Fare decreti come quello che ha bloccato le cessioni dei crediti sui bonus fiscali, a cominciare dal Superbonus, senza avere un’idea sulle soluzioni alternative ai problemi economici che ha creato può fare scoppiare il caos dappertutto. Uno dei problemi creati dal decreto del 16 febbraio varato dal consiglio dei ministri ha travolto il mondo delle associazioni Onlus.

LA STORIA è stata denunciata ieri da novanta associazioni cattoliche che fanno parte del forum «Ditelo sui tetti». Per apprezzare la capacità previsionale, e l’arte di governo al tempo di Meloni & Co.,è interessante ascoltarla.

IL 13 GENNAIO SCORSO, nel decreto «Aiuti-quater», il governo alle Onlus che non svolgono attività commerciali ma sociali, e hanno determinati requisiti, di continuare a usare il bonus al 110% addirittura fino al 31 dicembre 2025. Poco più di un mese dopo ha fatto dietrofront. Senza, probabilmente, nemmeno rendersi conto della contraddizione. Queste organizzazioni non possono usare i debiti fiscali da compensare con i crediti maturati. Lo stop delle cessioni dei crediti fiscali è diventato «una mannaia», dicono. Per il portavoce del forum Domenico Menorello la possibilità per una Onlus di utilizzare una qualunque forma di bonus è vincolata, per la natura stessa delle Onlus, alla cedibilità del credito fiscale eventualmente maturato.

L’attenzione prestata dal governo ai problemi del mondo No profit è stata però contraddetta dallo stop generalizzato alla cessione del credito. Le Onlus che si sono impegnate nella complessa e onerosa predisposizione della documentazione di progetto, incoraggiate solo il 13 gennaio scorso, non hanno avuto il tempo sufficiente per attivare la «Comunicazione di inizio lavori asseverata Superbonus 110%» (Cilas). E sono state gravemente danneggiate dal decreto del 16 febbraio. Oggi inizia il percorso parlamentare di conversione in legge. In molti sperano di potere salvare i lavori di ammodernamento degli immobili vetusti in cui spesso sono erogati i servizi per i più fragili.

AL MINISTERO dell’Economia e delle Finanze si è svolto ieri un tavolo tecnico con – tra gli altri – Abi, Cdp, Sace, Agenzia delle entrate, Ance. Sono state esaminate le soluzioni per sbloccare i crediti fiscali rimasti incagliati. Dicono 19 miliardi di euro. Sono state passate in rassegna le conseguenze della decisione del governo sul sismabonus, sull’edilizia popolare (dove le riqualificazioni sono state bloccate) o sulle famiglie con i redditi bassi e gli incapienti, per esempio. Siamo ancora alla valutazione delle idee e alla convocazione del prossimo tavolo tecnico, il che aggrava l’impressione di improvvisazione in tutta questa vicenda. L’ipotesi più gettonata è quella delle compensazioni con gli F24 che banche e Poste ricevono da imprese e famiglie. I pagamenti verrebbero trattenuti dalle banche per riaprire il mercato dei crediti d’imposta. Ciò avrà un peso per le finanze pubbliche, tanto per cambiare. L’ipotesi è stata suggerita dalle banche (Abi) e dai costruttori (Ance).

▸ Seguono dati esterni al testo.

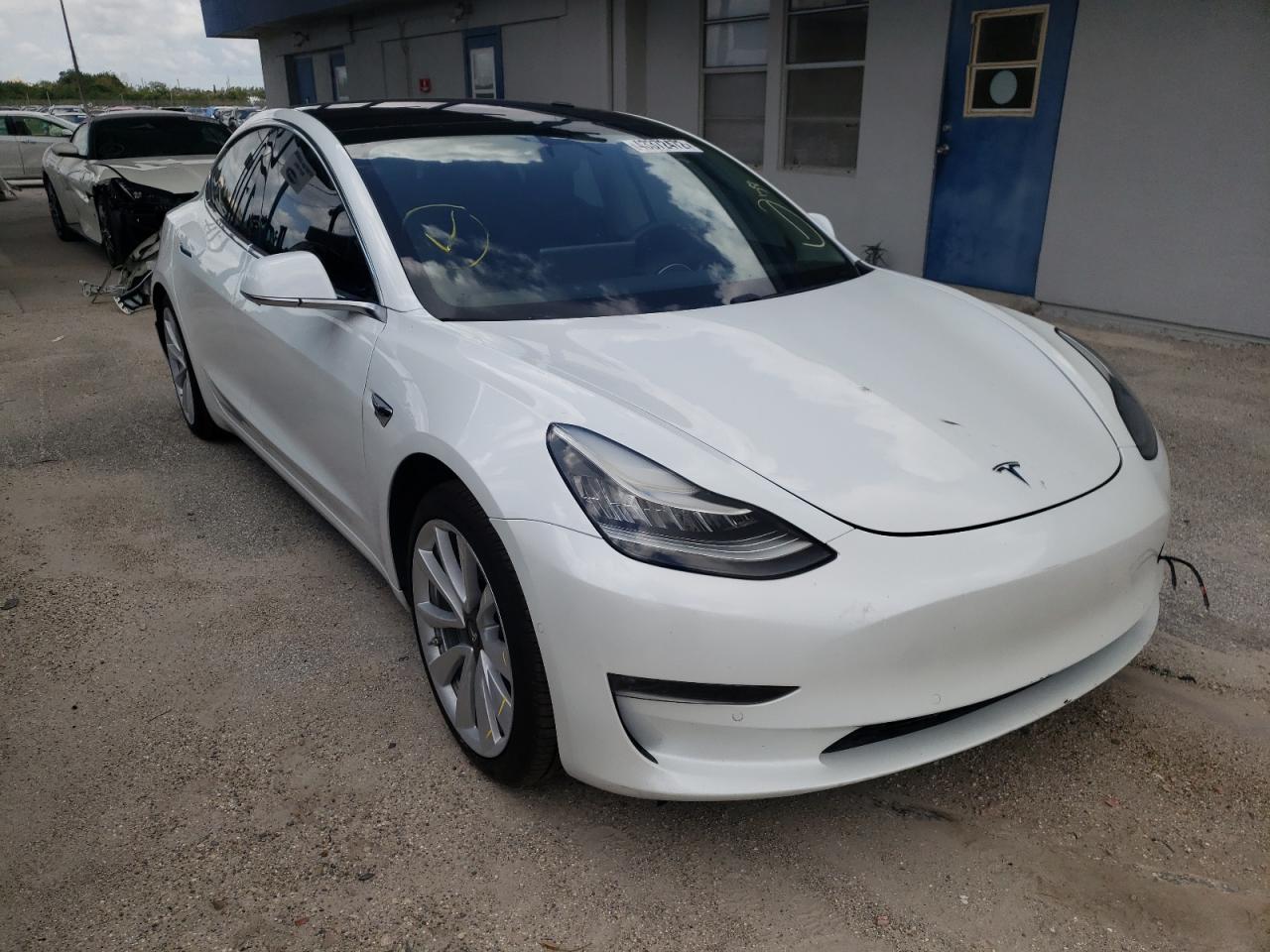 TESLA MODEL 3 2018 with VIN 5YJ3E1EA0JF039101 - Photo from auction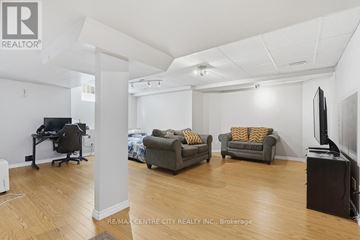 London East (East A) apartment for rent - A living room with a grey couch and a black piano.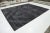 This hand-knotted wool rug in contemporary Moroccan style features a rich charcoal gray field with a striking white...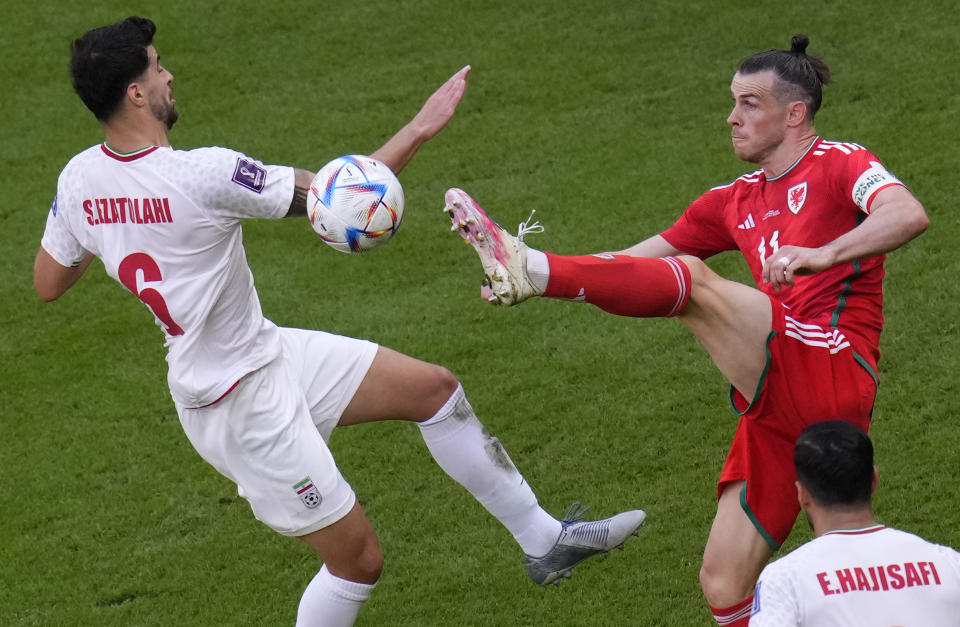 Wales' Gareth Bale, right, duels for the ball with Iran's Saeid Ezatolahi during the World Cup group B soccer match between Wales and Iran, at the Ahmad Bin Ali Stadium in Al Rayyan , Qatar, Friday, Nov. 25, 2022. (AP Photo/Manu Fernandez)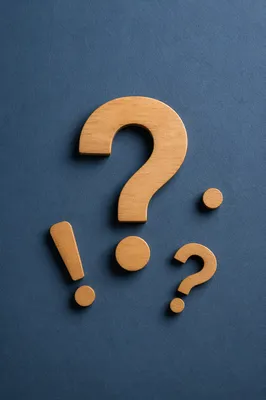 Large Wooden Question Mark on Blue Background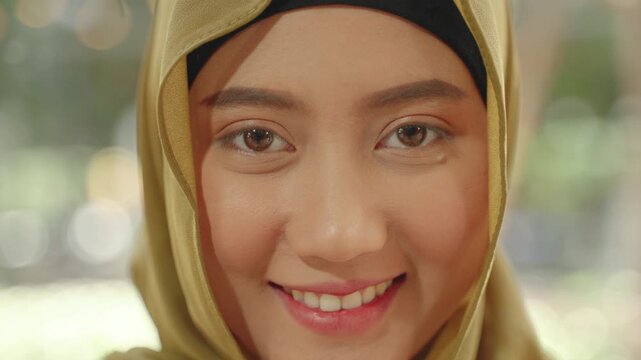 Close-up portrait of a young Muslim woman in hijab smiling warmly, representing confidence, identity, and positive lifestyle.
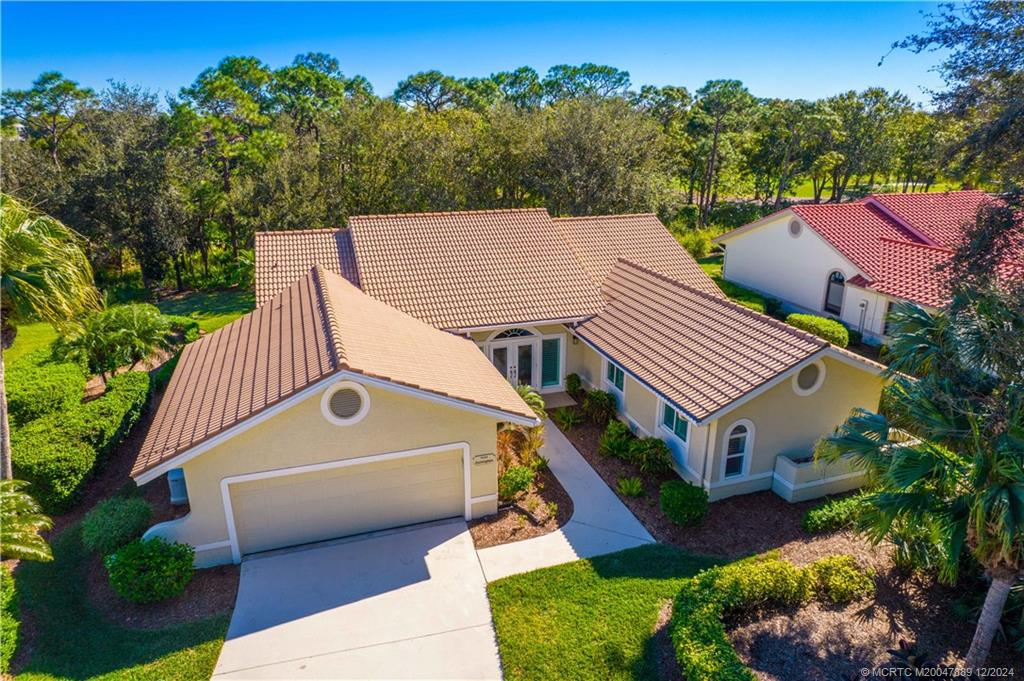 an aerial view of a house with a yard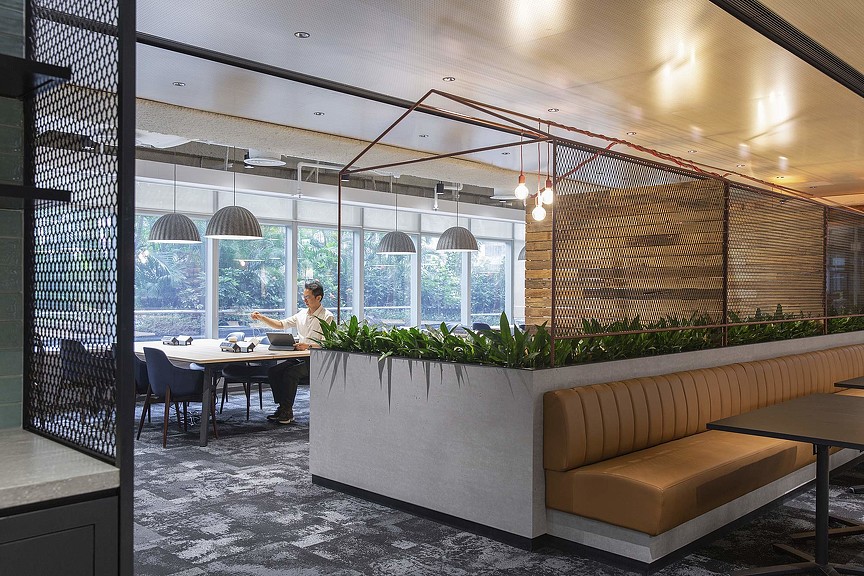 Man working on tablet in workplace cafe.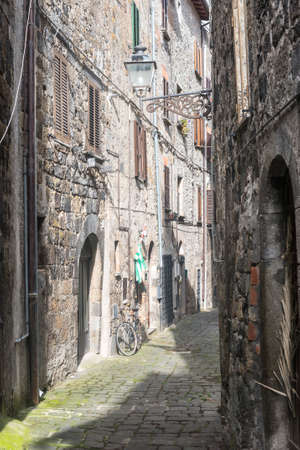 Bolsena (Viterbo, Lazio, Italy): old typical street of the medieval townの写真素材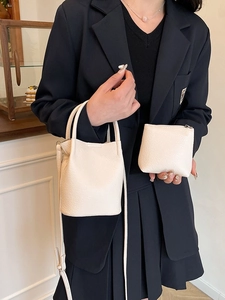 Chic cream white bucket bag with handle and small pouch on female model in navy blazer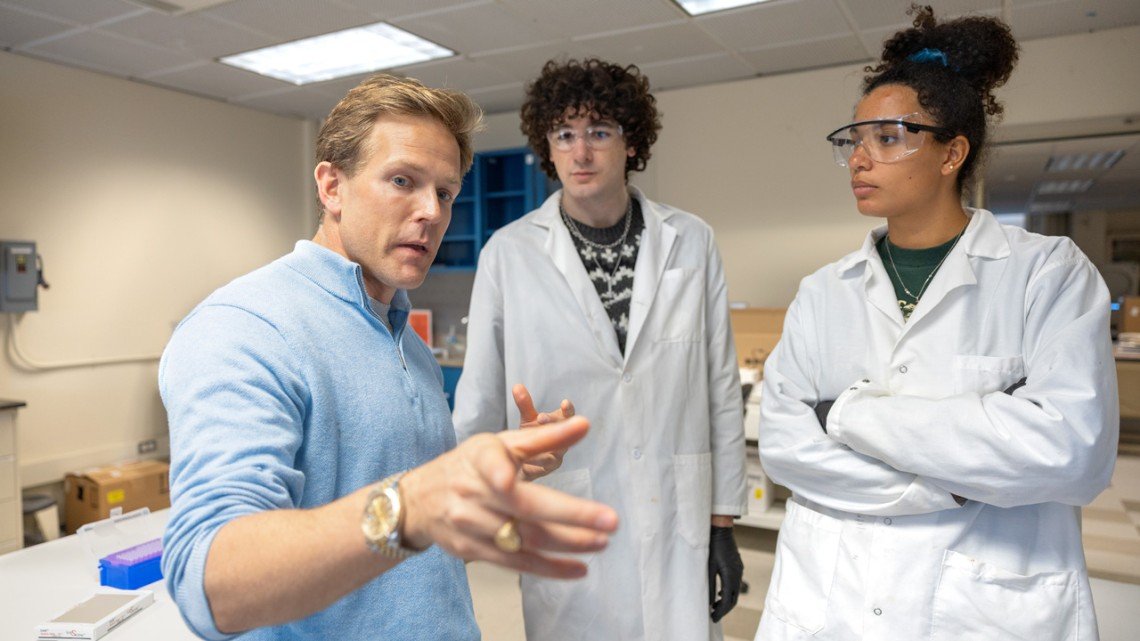 A man explaining something to two young women in a laboratory, all wearing lab coats and safety glasses.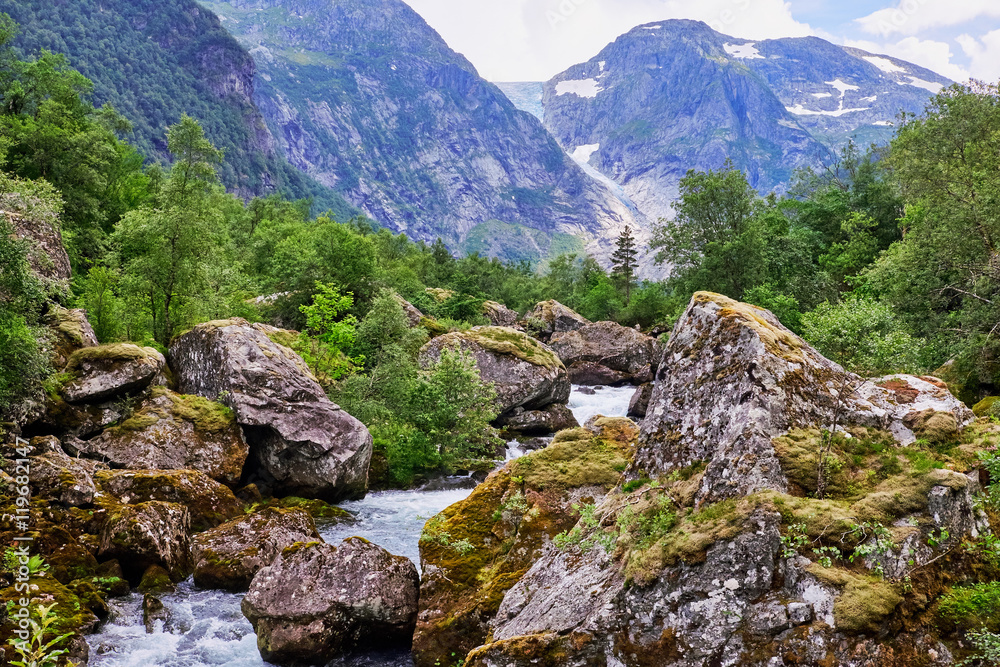 Norwegian landscape with gushing water in Bondhuselva running between giant rocks with thick moss vegetation, Folgefonna glacier is seen in the background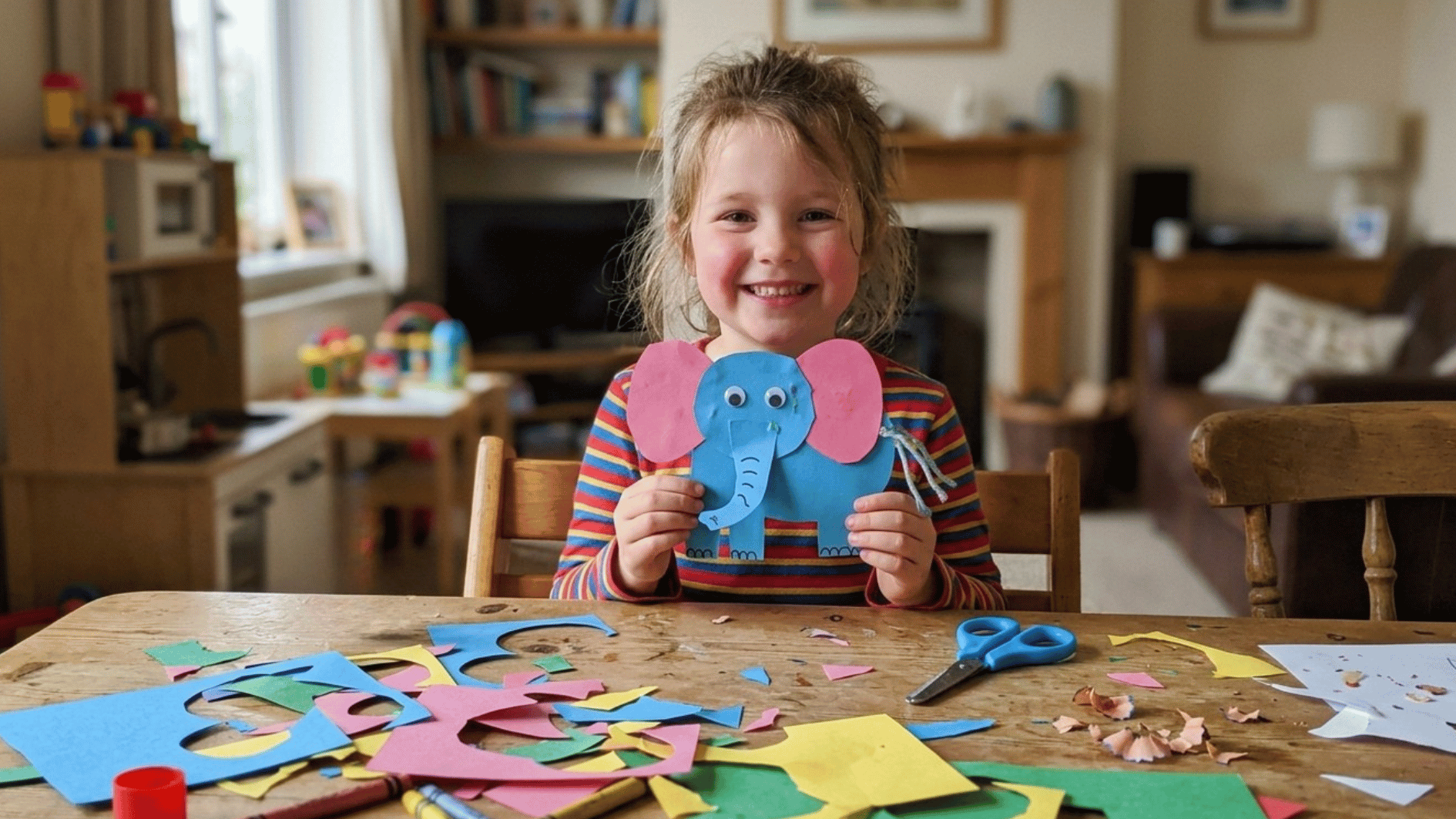 child creating a colorful paper elephant craft at a table with scissors glue and craft materials at home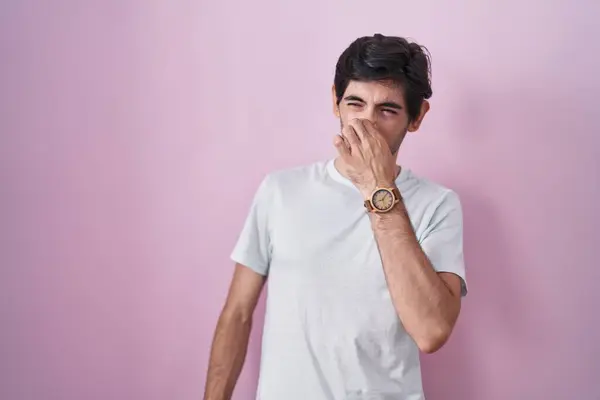 Young Hispanic Man Standing Pink Background Smelling Something Stinky Disgusting — стоковое фото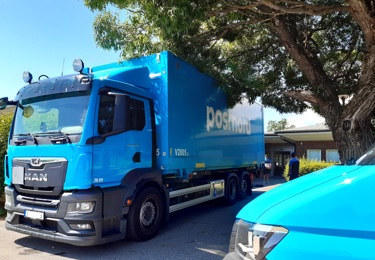 En PostNord-lastbil parkerad under en grönskande träd.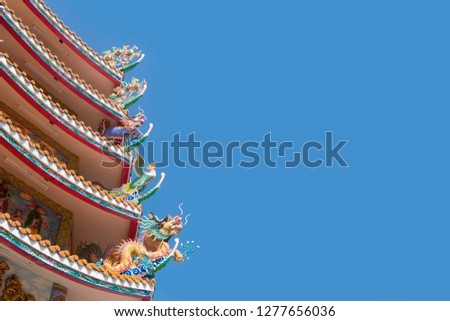 chinease temple roof decorrated dragon with blue sky blackground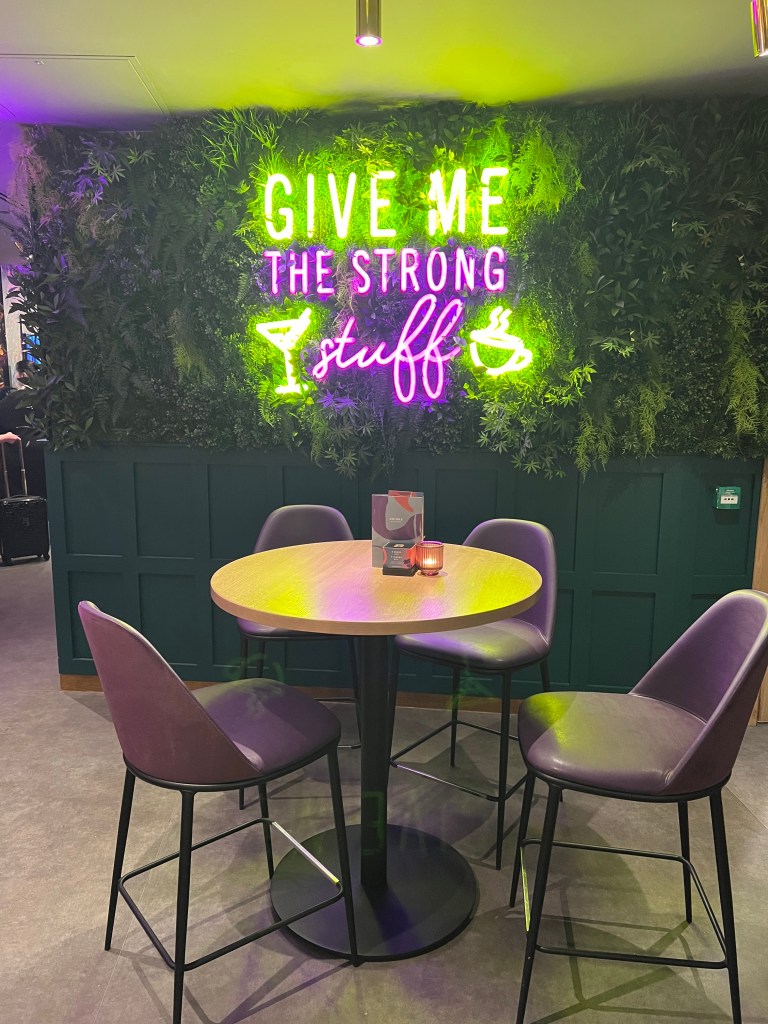 A round bar table and 4 brown leather chairs. The wall behind are painted darl green with more fake greenery. The large neon sign on the wall reads Give me the strong stuff in green and pink. 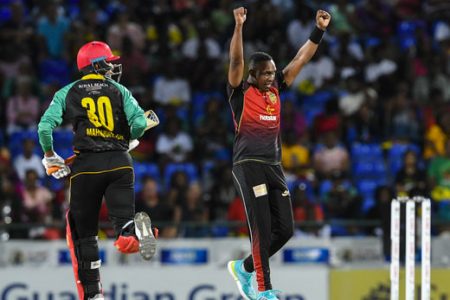 Dwayne Bravo (R) of Trinbago Knight Riders celebrates winning match 23 of the Hero Caribbean Premier League between St Kitts & Nevis Patriots and Trinbago Knight Riders at the Warner Park Sporting Complex on Sunday in Basseterre, St Kitts, Saint Kitts And Nevis. (Photo by Randy Brooks - CPL T20/Getty Images)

«NON C’È PIÙ TEMPO. Non possiamo aspettare un’altra settimana – ha detto la presidente dell’Ance Federica Brancaccio – Qualsiasi sia la soluzione, ed al momento la compensazione con gli F24 è l’opzione migliore sul tavolo oltre a quella di chiedere un segnale da parte delle partecipate, serve subito un segnale». A una settimana dal decreto non sono stati fatti progressi reali. Al ministero dell’Economia con l’Abi stanno cercando di fare quadrare i conti sulla capienza fiscale residua delle banche. La prossima settimana si avrà forse un quadro più chiaro anche sul peso dei crediti sul deficit statale. «Serve decreto urgente per crediti incagliati» ha esplicitato la Cna. Cioè un nuovo decreto per porre rimedio al primo decreto. Come una matrioska.